Recognising the issue, the Bangladesh government has ratified the OSH-related ILO conventions 155, 187 and 190 in 2025.
The workplace situation is grim enough in Bangladesh. Meanwhile, psychosocial issues are being widely discussed after the Rana Plaza disaster in 2013.
The survivors of the tragedy immensely suffered from psychosocial problems.
The surviving workers are facing tremendous difficulties to continue their jobs. They have been totally traumatised due to the horrible unforgettable life threatening disastrous situation.
Although the government, trade unions, employers, international and national organisations have taken a number of initiatives to cope with the situation, all went in vain. The working environment is not conducive in Bangladesh.
According to the ILO, the psychosocial working environment is defined by how work is designed, organised and managed, and the organisational practices that shape the day-to-day working conditions.
This psychosocial issue again became a concern during COVID-19, affecting our workers’ lives and hampering economic development throughout 2020.
Workers suffered immensely during the period of COVID-19 for continuing their work under the difficult situation. However, these issues are invisible hazards that are difficult to manage.

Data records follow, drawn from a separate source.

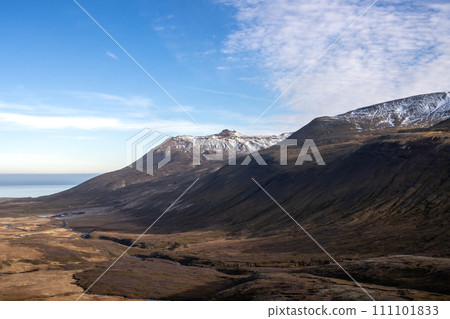 Mountains and a fjord, Hafnarholmi, Iceland Mountains and a fjord, Hafnarholmi, Iceland 111101833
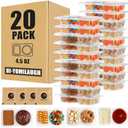 Hi-YomiLaugh 20 Sets Reusable Snack Containers with Lids, BPA-Free Double Compartment Condiment Storage, Leakproof Dipping Cups for Meal Prep, Portion Control, Travel & Outdoor Use (20)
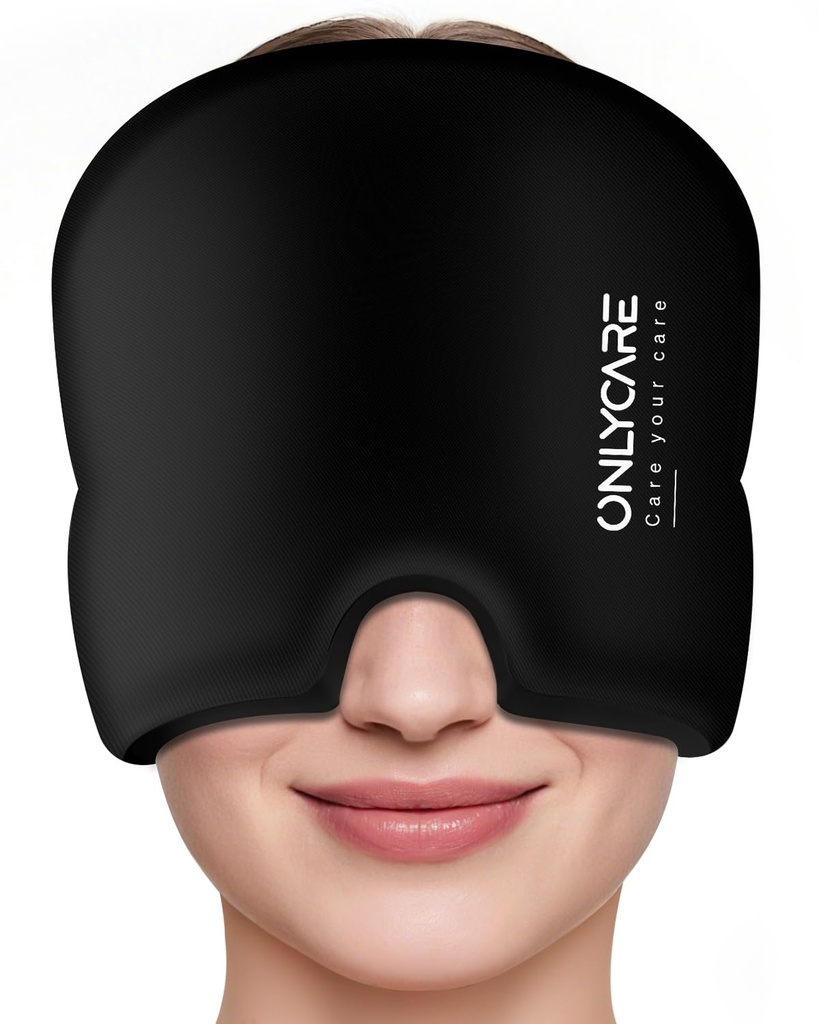 SOMENTECARE Migraine Relief Cap, Máscara Migraine calmante,Upgraded Gel Odorless Ice Head Wrap, Hot and Cold Therapy, FSA-HSA Elegível Cefaleia Pacote de Gelo para Tensão e Estresse (Preto)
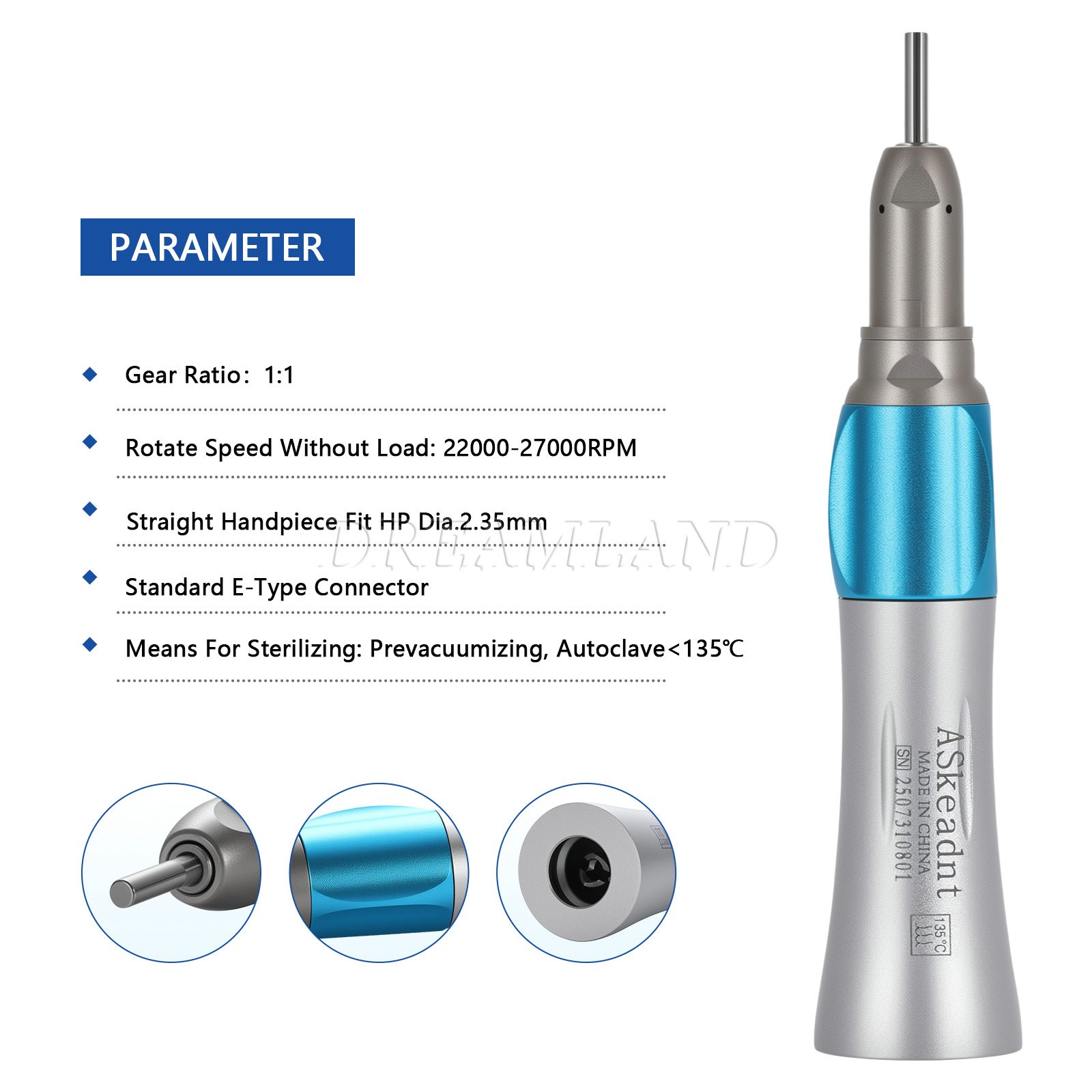 USA Low Price Dental Slow Speed Handpiece Straight Nose Cone E-type to Motor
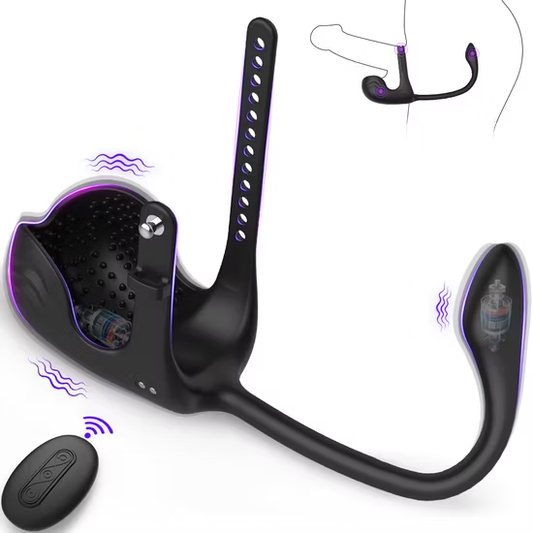 3 IN 1 Anal Plug Vibrator Testicle Taint Stimulator Cock Ring with 10 Vibrations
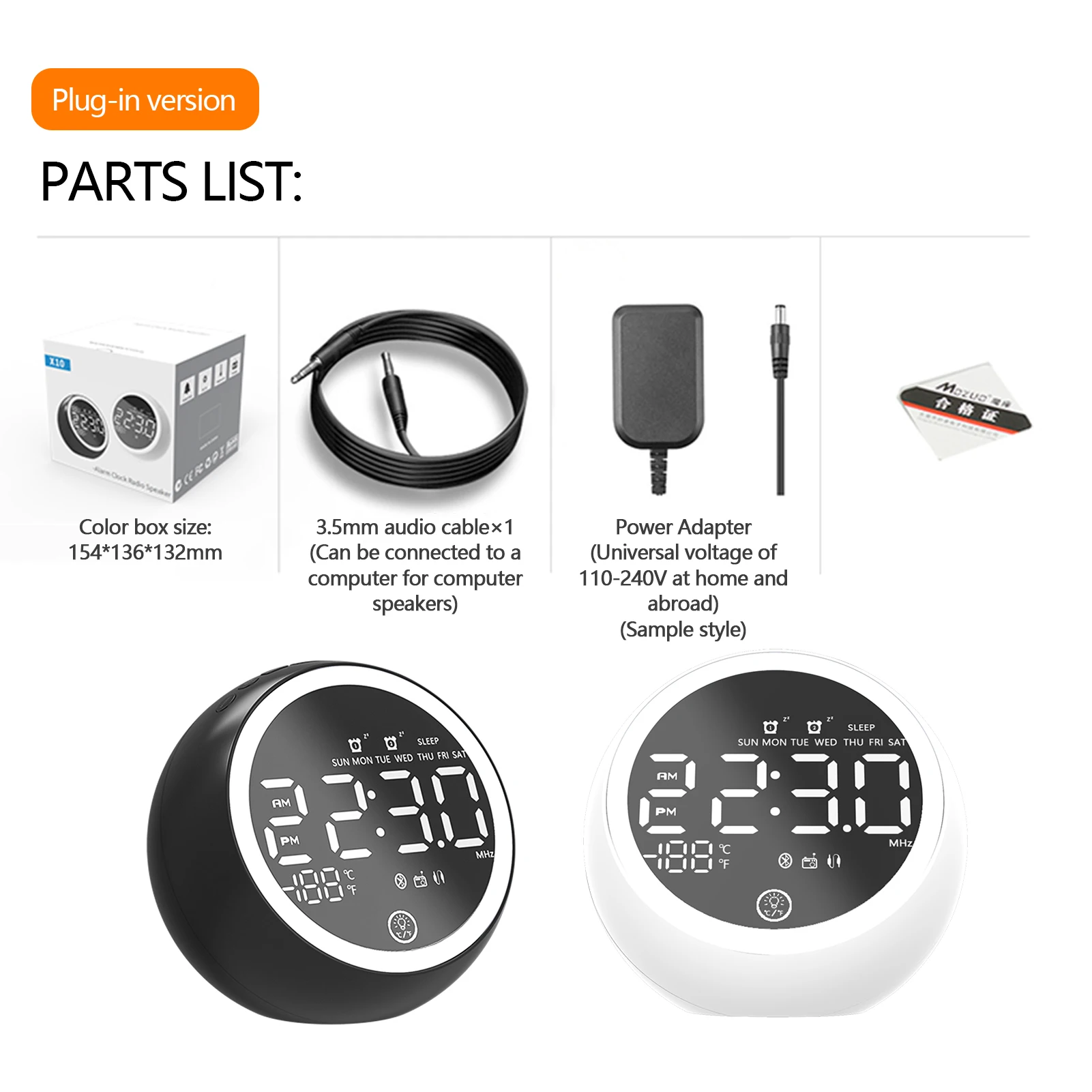 

Multifunctional USB Radio Alarm Clock Night Light Dual Alarm Clock Bluetooth Speaker Led Clock with FM Radio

The 2024 regime change and political mayhem brought these psychosocial concerns back to the forefront.
The situation fully changed the workers’ psychosocial behaviour which impacted the workers’ daily and working life.
The psychosocial factors adversely affected the workers’ safety, health and performance.
We have observed that the psychosocial impact adversely affected the workers’ health and economic stability.
Interestingly, these psychosocial issues are an untouched area especially for the workers who work in the formal and informal sectors across the country.
In Bangladesh, workers in the formal and informal sectors always remain under pressure to meet the production target. Simultaneously, they face challenges for their job security.
Most of the workers live adjacent to their workplaces without their family members isolating them from the family as well as the community. They could not accept them as part of the society.
Women workers are more vulnerable due to their double responsibilities at workplaces and homes leading to fatigue and stress.
Recently, it has been observed that the behaviour of many workers has changed.
They are unable to manage stress and anxiety. Some workers have experienced outbursts or become involved in industrial agitation.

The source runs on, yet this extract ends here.